Meet Nikita, a 4-year-old husky. Even her owner didn’t dispute that the dog killed 27 animals in Tooele, Utah.

“I didn’t think she was going to go on a killing spree,” owner Mackenzie Morton told Fox 13 Now. “I did not know that at all. Honestly, I was so much in shock because that’s not her. She doesn’t do that kind of stuff. That’s not fair and I’m so sorry.”

Cops are holding her accountable. They said Nikita slaughtered the over two-dozen animals in two residences on Memorial Day weekend.

One homeowner, Trip Kiss and his wife, run a petting zoo for children with disabilities. You see where this is going. He told the outlet that surveillance footage picked up the husky attacking the animals. The 12 dead included rabbits, ducks, chickens, a turkey, and a goose, Kiss said. He claimed to have found the dog with a still-living chicken in her mouth.

Tooele Police Sgt. Jeremy Hansen told the outlet that according to a neighboring woman, the same dog killed 15 of her chickens.

Nikita remains at an animal shelter for a 10-day quarantine. Morton said she hadn’t known where the dog escaped to because “it was dark at night.” Upon searching for Nikita, she found several dead chickens in a neighbor’s yard, but couldn’t find her own pet. She didn’t want to wake up the neighbors, and left her door slightly open in case her dog returned.

Morton told the outlet she planned on paying for the damage (police estimated that at over $1,350).

She was cited for 27 counts of misdemeanor attacking animals, and one count of misdemeanor animal running at large, Hasen said. That might change. The city attorney is reviewing the case, he said.

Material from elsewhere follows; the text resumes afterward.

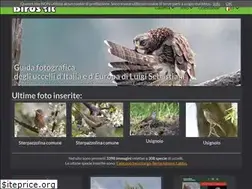 Sites similar to birds.it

Meanwhile, Nikita’s fate will be decided at an administrative hearing, involving the police chief, assistant chief, and lieutenant. They have the option to decide that the dog has the potential to be a dangerous animal. In that case, she would be returned to Morton under specific conditions, Hasen said. Nikita would have to perpetually remain leashed, on her property, and be registered with the city as a potentially dangerous animal.

For Kiss, however, the problem isn’t the dog. It’s Morton.

“I feel anger,” he said. “I feel anger toward the owner because she could have prevented this.”